Bad Soden, Germany,
01
September
2011
|
13:00
Europe/Amsterdam

“I breathe life into the sculptures by extracting the air”

Internationally renowned conceptual artist Ewerdt Hilgemann is to install a group of sculptures from his “Implosions” series on the Messer-Platz square in Bad Soden am Taunus.

Next Friday, the German-Dutch artist Ewerdt Hilgemann will install a group of stainless steel sculptures on the new Messer-Platz square in Bad Soden. Three stainless steel columns, arranged in a group and each measuring around six metres in height, have been created on behalf of industrial gases specialist Messer and will form the centre of the newly constructed complex of buildings consisting of the company headquarters, the adjoining Adolf Messer Forum conference centre and the historic station building.

In his studio in the Dutch town of Hardinxveld-Giessendam near Rotterdam, Ewerdt Hilgemann used a vacuum pump to slowly extract the air from the three hermetically welded stainless steel structures. This process causes the cubes to contract, giving rise to pronounced kinks which look as though they have been caused by external forces and which therefore contrast markedly with the still-gleaming stainless steel surface. Hilgemann describes his work as follows: “I deform geometric shapes. People plan, we plan everything, and that is what I do with my cubes, pyramids and columns. Then the air is sucked out of them and the air on the outside presses against them. This air is my chisel, my hammer, my tool. I am an airsmith.“

Throughout his career, Ewerdt Hilgemann has worked with a variety of materials, including wood, aluminium and the famous Italian Carrara marble. The artist uses highgrade steel for the “Implosions” sculptures: “Stainless steel has a broader spectrum because the sculptures absorb their surroundings. If the sky is blue, then they become blue; if they are surrounded by grass, then they acquire a green hue from below. Deformation lends the high-quality material a dramatic vibrancy.“

Ewerdt Hilgemann, who was born in Witten, in the Ruhr area, in 1938, knows from experience that people are certainly not reluctant to touch his sculptures: “I may suck the air out, but ultimately I breathe life into the sculpture. Beforehand, it is just a boring tin, a boring cube, a boring rectangular column. After deformation, it has a certain haptic quality - people want to touch it and feel it and understand it.“ Imploded stainless steel structures from Hilgemann’s studio have been installed in public spaces in Berlin (Germany), Delft and Amsterdam (Netherlands), Elblag (Poland), Los Angeles (USA) and Seoul (Korea) among other places. Ewerdt Hilgemann will also be showcasing his art in New York soon.

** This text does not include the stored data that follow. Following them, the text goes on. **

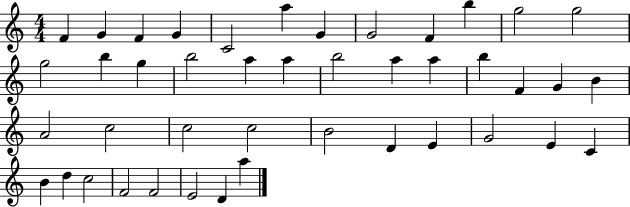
{
  \clef treble
  \numericTimeSignature
  \time 4/4
  \key c \major
  f'4 g'4 f'4 g'4 | c'2 a''4 g'4 | g'2 f'4 b''4 | g''2 g''2 | \break g''2 b''4 g''4 | b''2 a''4 a''4 | b''2 a''4 a''4 | b''4 f'4 g'4 b'4 | \break a'2 c''2 | c''2 c''2 | b'2 d'4 e'4 | g'2 e'4 c'4 | \break b'4 d''4 c''2 | f'2 f'2 | e'2 d'4 a''4 | \bar "|."
}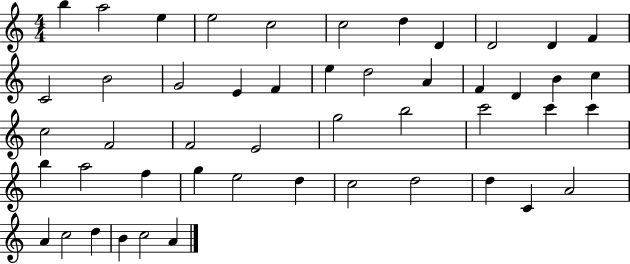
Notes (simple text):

B5/q A5/h E5/q E5/h C5/h C5/h D5/q D4/q D4/h D4/q F4/q C4/h B4/h G4/h E4/q F4/q E5/q D5/h A4/q F4/q D4/q B4/q C5/q C5/h F4/h F4/h E4/h G5/h B5/h C6/h C6/q C6/q B5/q A5/h F5/q G5/q E5/h D5/q C5/h D5/h D5/q C4/q A4/h A4/q C5/h D5/q B4/q C5/h A4/q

The official opening of the newly built Messer-Platz in the heart of Bad Soden will take place on 16 September; on the same day that Hilgemann’s work of art is to be unveiled. The sculpture’s three columns, and the fact that they consist of metal and air, are intended to symbolise the Messer Group’s areas of business, the three generations of entrepreneurs and the triad of employees, customers and the family company that is so important to the enterprise. The internationally renowned conceptual artist Ewerdt Hilgemann had won the design competition organised by Messer last year with his works entitled “Implosions.”